Phase angle is not always defined the same as phase shift.
The phase angle for the sine curve y = a sin(bx + c) is usually taken to be the value of c and the phase shift is usually given by `-c/b`, as we saw above.
Reminder: In the last section, we saw how to express sine curves in terms of frequency.
Example: Electronics engineers separate the terms "phase angle" and "phase shift", and they use a mix of radians and degrees. We may have a current expressed as follows:
I = 50 sin (2π(100)t + 30°)
This means the amplitude is `50\ "A"`, the frequency is `100\ "Hz"` and the phase angle is`30°`.
See an application of phase angle at An Application to AC Circuits in the complex numbers chapter.

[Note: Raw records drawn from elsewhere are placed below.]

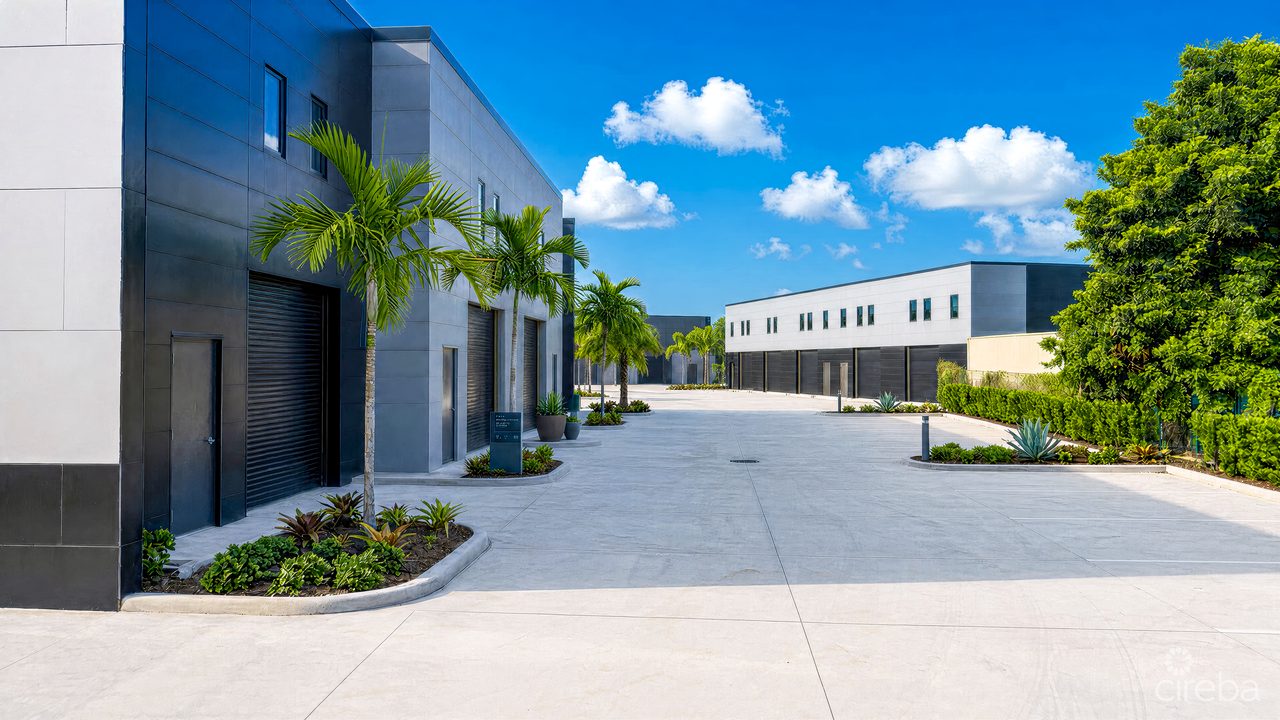 George Town Business Park - Warehouse, Office, Retail And More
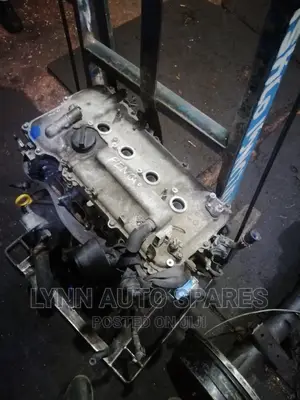 Toyota 3ZR Non Valvematic Slimm Engine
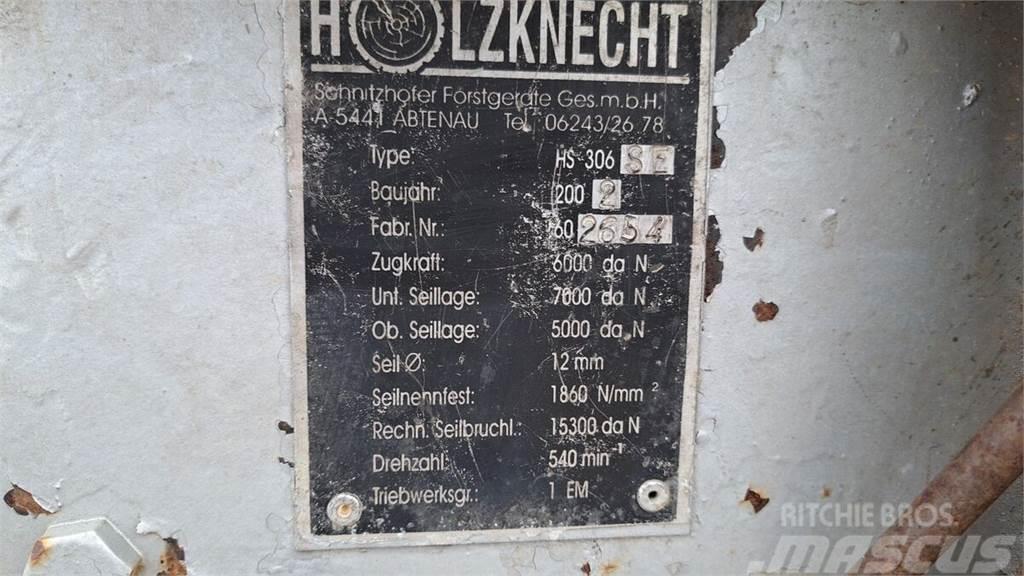  Holzknecht HS 306 SE Vinssit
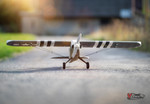 VA-Model 59" EPP FULL FUSE - Piper L-4U Cub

Also, see a discussion on this issue at Phase shift or phase angle? in the math blog.
To keep things simple for now, we will mostly use the term phase shift in this chapter.
Amplitude, period and phase shift graph applet
The following interactive will help you to explore the three key concepts when drawing trigonometric graphs - amplitude, period and phase shift.
Use the sliders under the graph to vary each of the amplitude, period and phase shift of the graph.
The `x`-axis has an integer scale (it's radians, of course), and multiples of `pi` are indicated with a red stroke.
You can also change the function to cosine. Hopefully you can see the concepts work the same for both sine and cosine curves.
Choose graph type:
Graph: `y=a sin(bx + c)=` `sin(x)`
Period = `(2pi)/b = 6.28/1 = 6.28`
Displacement = `(-c)/b = 0/1 = 0`
Copyright © www.intmath.com
Sketch the graph of the following.
1. `y = sin(2x + π/6)`
`a = 1;`
`"period" = (2π)/2 = π`
`"displacement" = -c/b = -(π/6)/2 = -π/12`
So we need to move the sine graph to the left (because we have a negative number) of its normal position by `pi/12`.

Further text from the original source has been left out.